São Paulo, terça-feira, 03 de agosto de 2004

Texto Anterior | Próximo Texto | Índice

ROBERTO MANGABEIRA UNGER

Aparência e realidade

Parece que o Brasil ingressou em novo ciclo de crescimento, facultado pela rejeição de "aventuras". Em realidade, entramos em fase de alívio econômico estreito, frágil e superficial. Estreito, porque dependente das exportações do agronegócio e de demanda reprimida por consumo e por crédito. Frágil, porque sujeito a ser revertido pela interação entre choques externos e perda de confiança na capacidade do governo de honrar suas dívidas. Superficial, porque ocorrido numa economia que ainda vê a informalidade aumentar e a participação dos salários na renda nacional diminuir.
Parece que, aos trancos e barrancos, o país continua a desprivatizar o Estado. Em realidade, o descumprimento da promessa de reformar o financiamento eleitoral permite o achacamento de grandes empresários. Hegemonismo partidário, dirigismo industrial e fisiologismo predatório convergiram para criar, nas relações entre o poder e o dinheiro, clima de quarto mundo.
Parece que a imprensa exerce mais do que nunca seu papel de investigar, às vezes distorcido pelos excessos do denuncismo. Em realidade, as revelações são seletivas. Dependentes dos favores do governo e sujeitas à mesma mistura de interesses e preconceitos que aflige a plutocracia brasileira em geral, muitas empresas de mídia se deixam empurrar para cá e para lá com relativa facilidade.
Parece que o PT no governo substituiu o esquerdismo inconseqüente pelo compromisso maduro com o social. Em realidade, a política das "redes de proteção social", já incapaz de enfrentar a exclusão e a desigualdade no Brasil, virou ramo de propaganda -projeto apenas discursivo. E objeto de chacota entre os quadros dirigentes.
Parece que o Brasil avança, apesar de tudo, a partir daquilo que ele tem de melhor: as melhores empresas, escolas e comunidades. Em realidade, novo dualismo emerge. Por imperativo de sobrevivência, os setores dinâmicos cortam, em vez de multiplicar, vínculos com o resto da sociedade. Voltam-se para fora do país. O outro Brasil, cheio de energia frustrada, fica na mão. Alguns tentam escapar de qualquer jeito, ainda que correndo o risco de morrer nos desertos do Arizona.
Parece que a retomada de algum crescimento econômico diminui as chances, que já seriam pequenas, de virada na próxima sucessão presidencial. Em realidade, há mais oportunidade para grande surpresa e reorientação decisiva sem pânico do que com pânico.
Parece que a eleição presidencial de 2006 já está decidida. Lula será reeleito, e terá como seu opositor principal, na falta prudente do presidente anterior, figura previsível, como o atual governador de São Paulo. Em realidade, o povo brasileiro continua a querer mudança de verdade e a buscar quem a queira e quem a possa fazer. Organizados quase todos os partidos em duas coalizões que representam a mesma coisa e envenenada a mídia por um misto de dependência e de cinismo, não será fácil ao eleitorado encontrar quem procura. Iniciativas políticas arrojadas podem, entretanto, mudar radicalmente esse quadro. A pasmaceira de agora pode parecer eterna -até o momento em que ela comece a parecer, a milhões de desesperançados -de todas as classes sociais-, desnecessária.

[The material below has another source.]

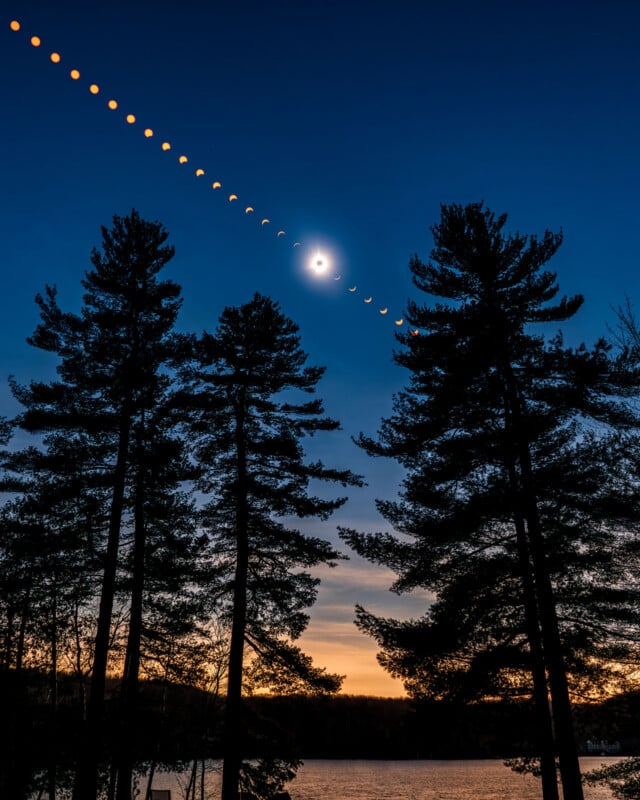 A composite image shows the progression of a solar eclipse across a twilight sky above silhouetted pine trees and a lake.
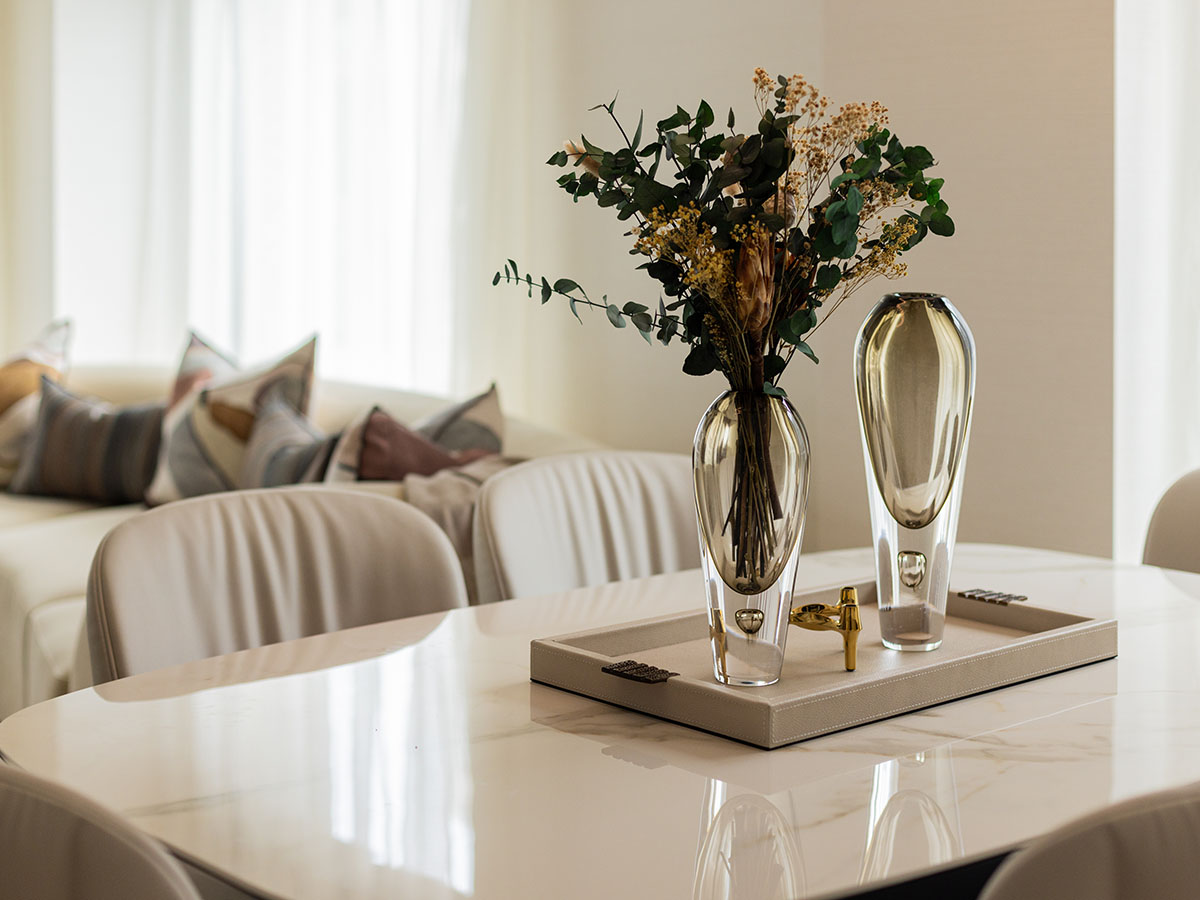 Beautifully staged dining area with elegant vases, showcasing professional furnishing for London flats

Roberto Mangabeira Unger escreve às terças-feiras nesta coluna.
www.law.harvard.edu/unger


Texto Anterior: Rio de Janeiro - Carlos Heitor Cony: Imprensa e Judiciário
Próximo Texto: Frases

Índice


Copyright Empresa Folha da Manhã S/A. Todos os direitos reservados. É proibida a reprodução do conteúdo desta página em qualquer meio de comunicação, eletrônico ou impresso, sem autorização escrita da Folhapress.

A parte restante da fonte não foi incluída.